But an unfamiliar – and unexpected – thing happened, too. With the announcement that it was dropping a video camera into every iPod Nano sold, Apple declared open season on Pure Digital's Flip.
The line of cute, dead-simple video cameras has become a tech darling, wowing reviewers from afar afield as USA Today, Fast Company, and The San Francisco Chronicle, not to mention, ahem, The Christian Science Monitor.
And it seems like reviewers aren't the only ones to have fallen for Flip's diminutive little video shooters – the two year-old company managed to grab a quarter of the US camcorder market last year – second only to Sony – and was purchased by tech giant Cisco in March for a cool $590 million. With the new iPod Nano and the less-new iPhone 3GS, Apple is going after a slice of that pie.

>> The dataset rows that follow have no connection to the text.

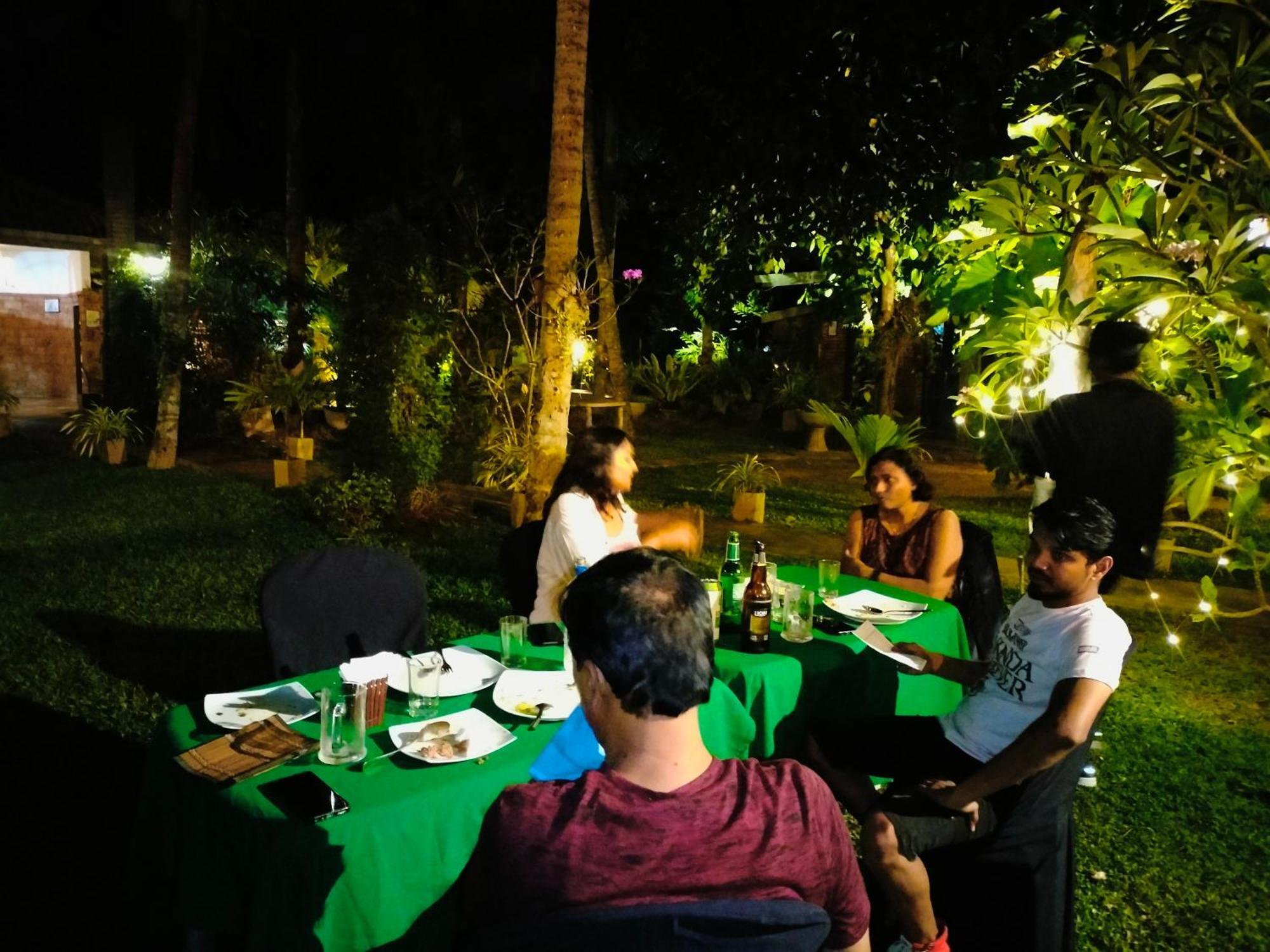 Pavana Hotel Negombo Exterior photo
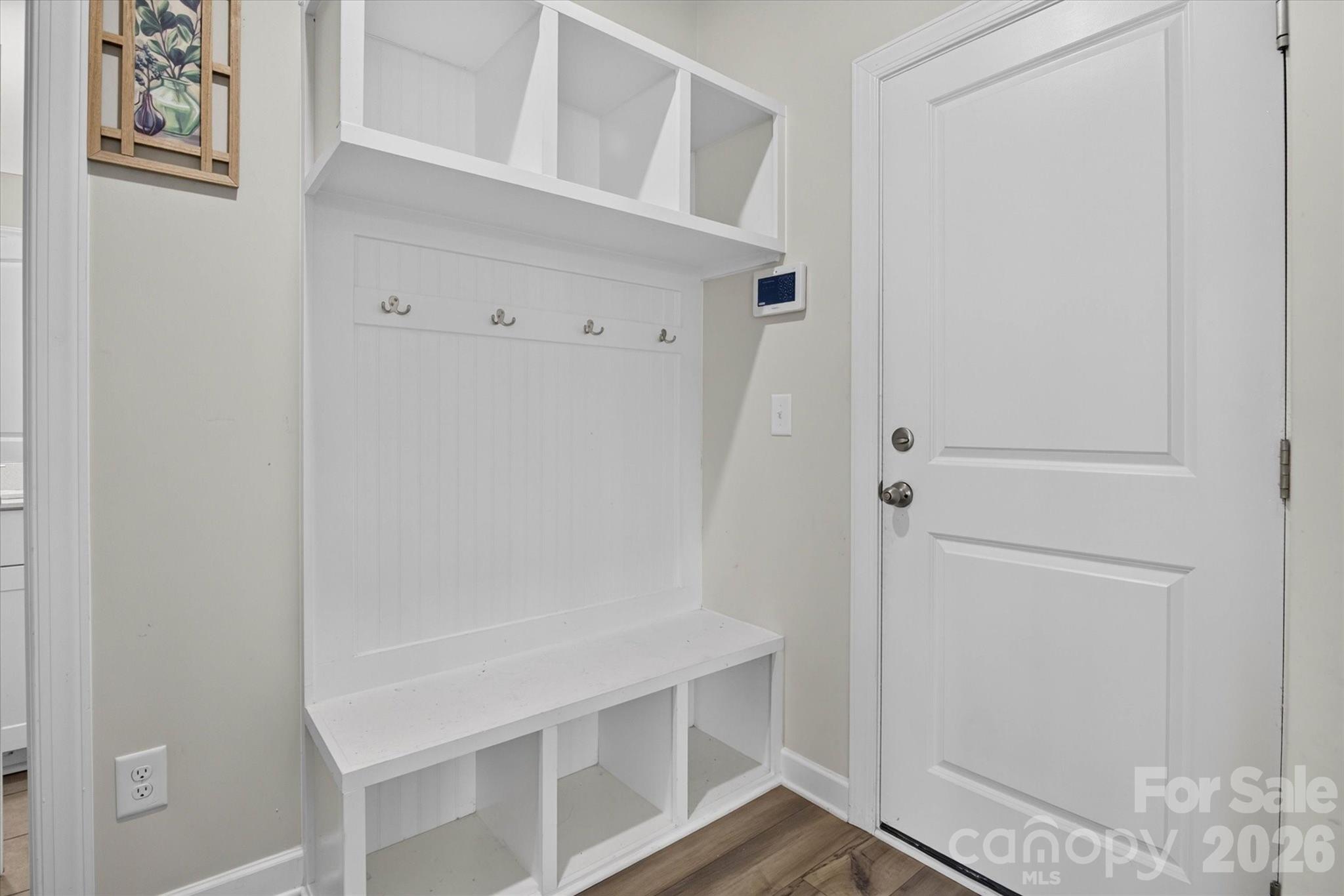 1041 Red Apple Street Property Photo 6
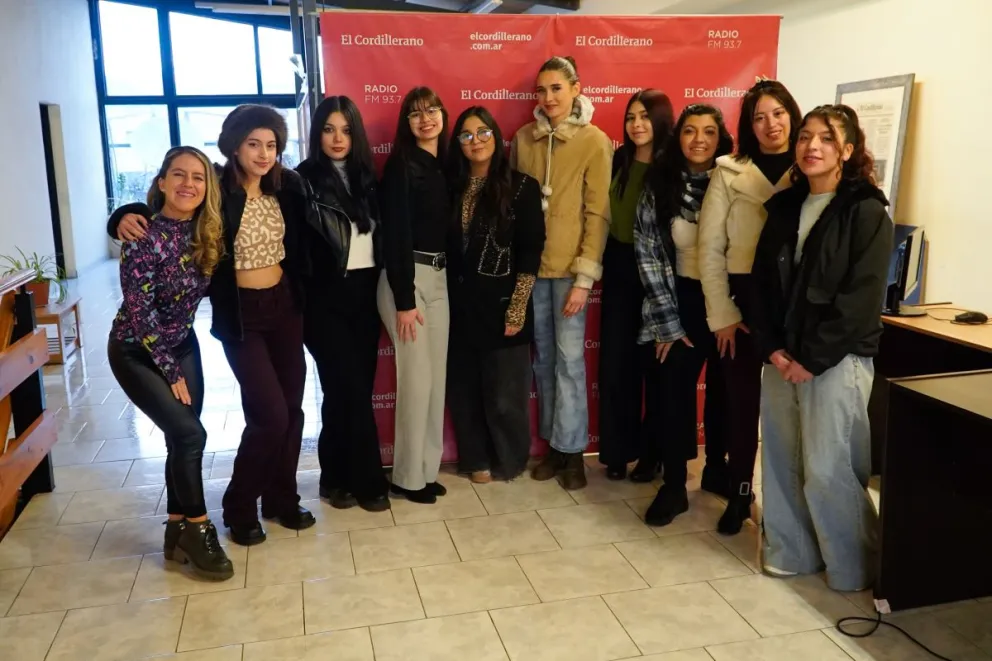 La mañana en El Cordillerano Radio arrancó con la visita de las candidatas a Reina de la Nieve. Fotos: Facundo Pardo.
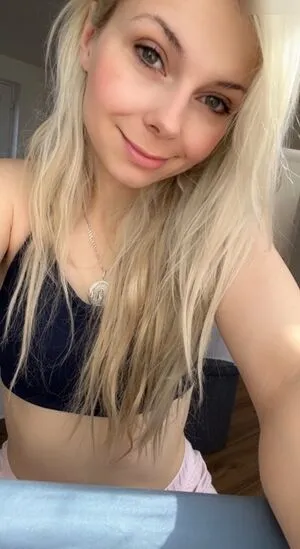 Smileydani OnlyFans Leaked Free Thumbnail Picture - #MoXkEnf4mF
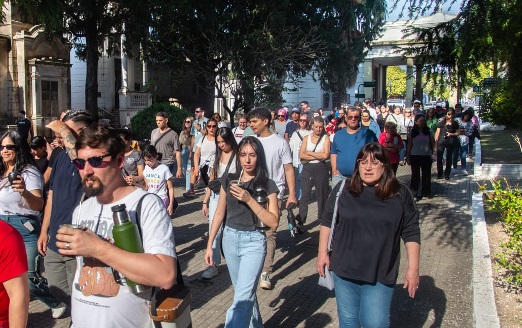 Invitan a un nuevo recorrido histórico por el Cementerio Municipal Invitan a un nuevo recorrido histórico por el Cementerio Municipal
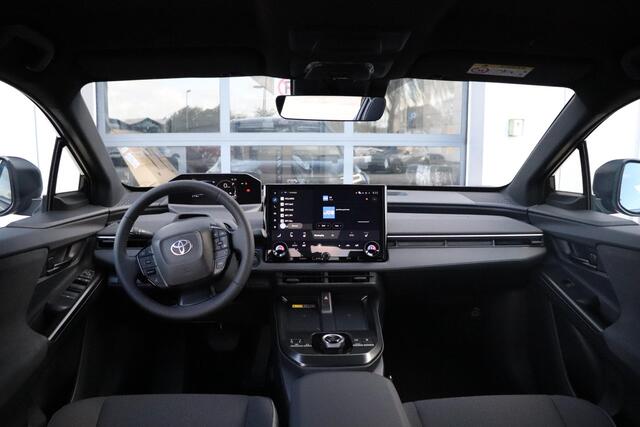 Toyota C-HR First Edition 77 kWh, Inruilpremie ¤2.500,- BSM, Apple Carplay/Android Auto, Stoel & Stuur verwarming!
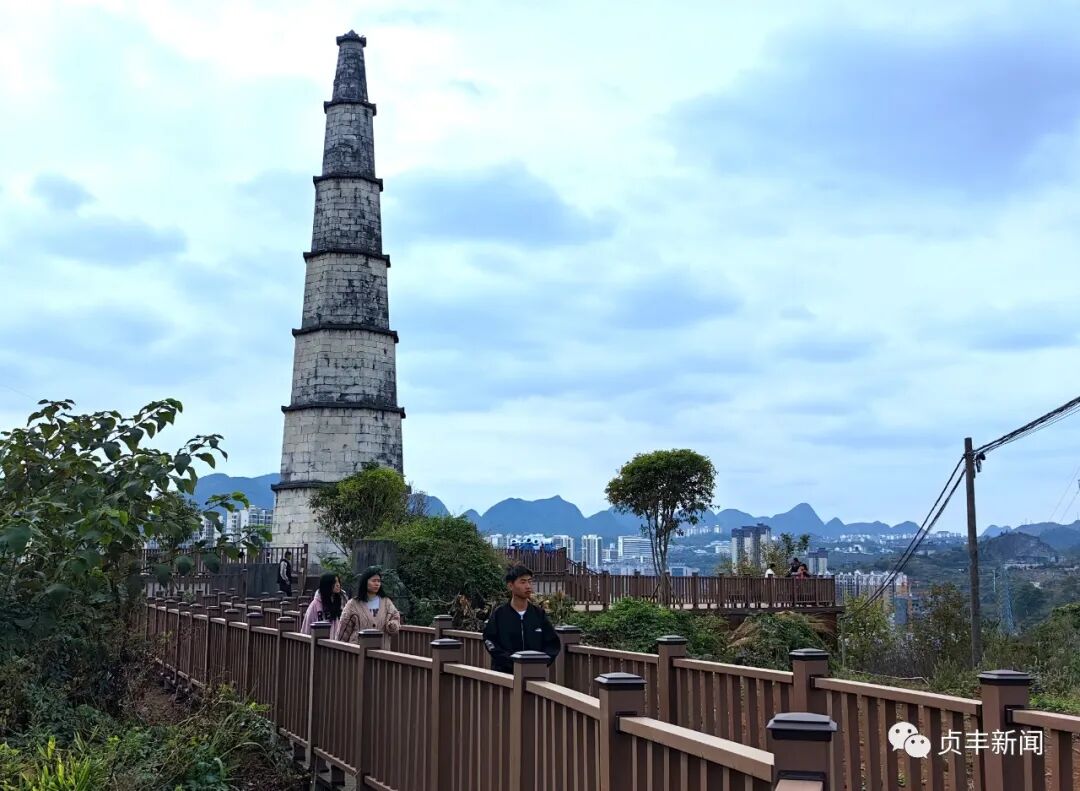 贞丰新地标文笔塔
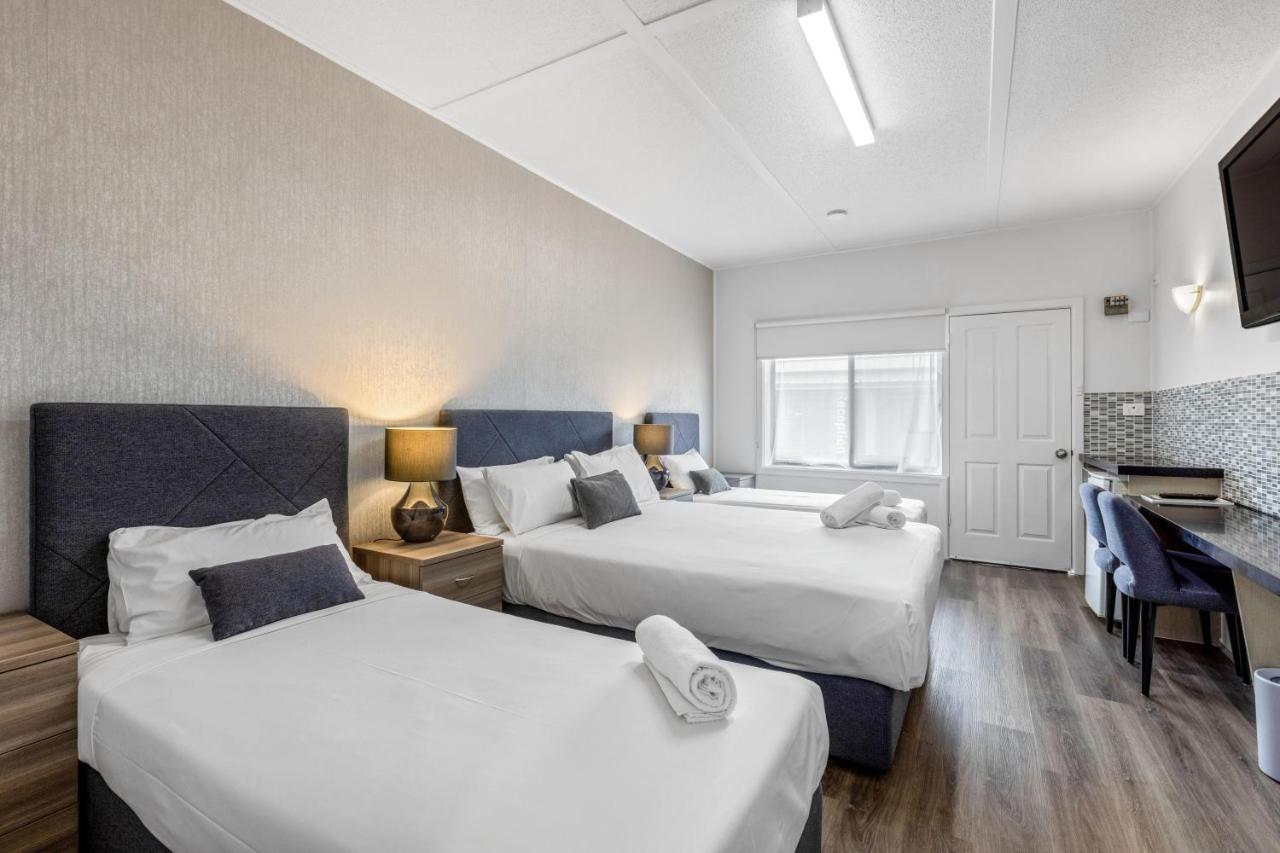Rosebud Motel 3*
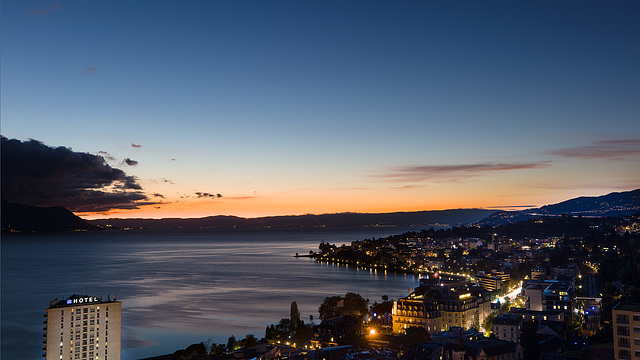 211105 Montreux crepuscule sombre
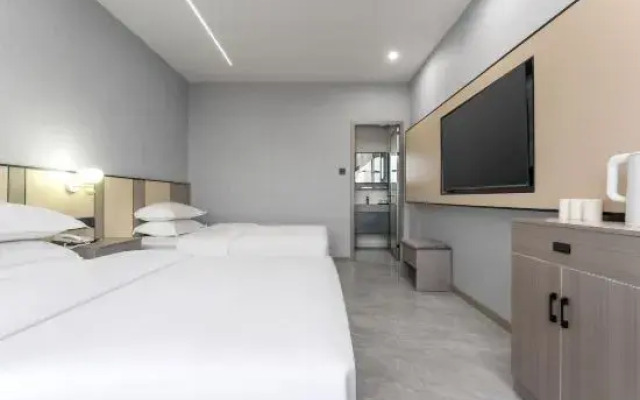 Tongchuang Ejia Chain Hotel (Gushi Xinhe Century City Store)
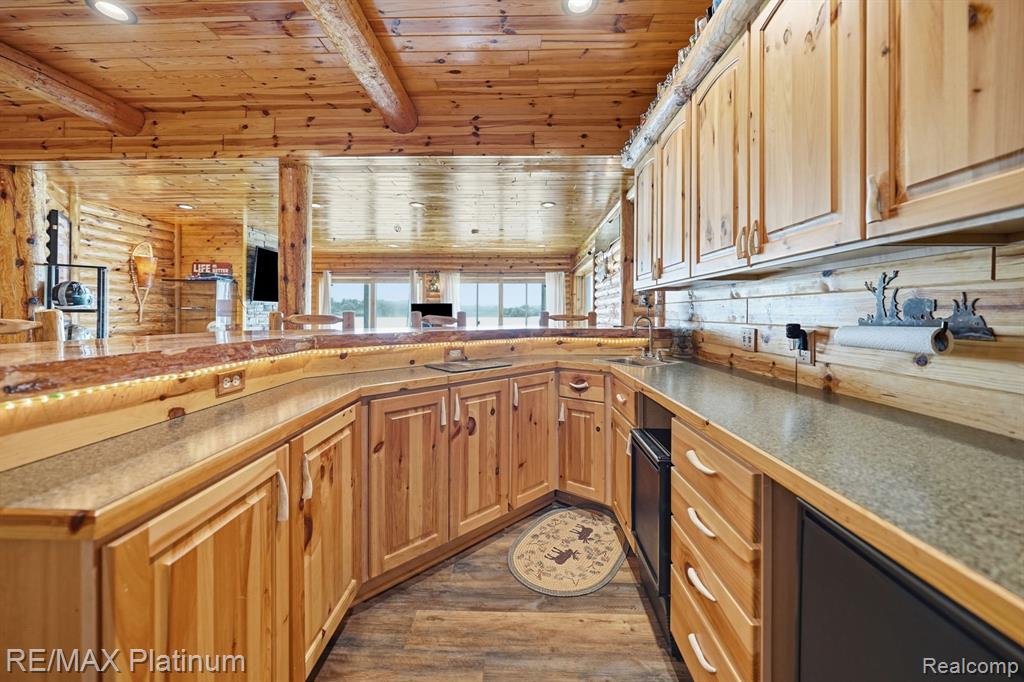 997 Thompson Shore Drive, Howell, MI 48843 — Photo 55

So it's doomsday for the Flip, right? Not so fast. Apple's entrant to the hard-drive-based basic camcorder field may be smaller – Jobs pointed out the Nano's 1.1 cubic-inch waist size compared to the Flip's 10.9 inches – and include the same dead-simple recording, basic editing, and YouTube uploading features, but it still comes up short.
Take video quality: Flip's newest models are capable of shooting video at 1280 x 720 – the bottom-end of what's considered HD. Apple's new iPod Nano manages just 640 x 480. And don't forget simplicity. Hand them a Flip camera and the average grandparent can be shooting video in seconds. Try that with an iPod Nano, with its myriad feature list and growing array of capabilities (hey, it has a pedometer now!) and you'll likely have one confused granny.
And finally, though we've recently decried the existence of "unitaskers," if there's one thing that will save the Flip from death at the hands of Apple, it's simplicity. There's something special about a device that does one thing very well, and for simple video shooting and uploading in a no-frills, all-in-one package, for now, the Flip wins.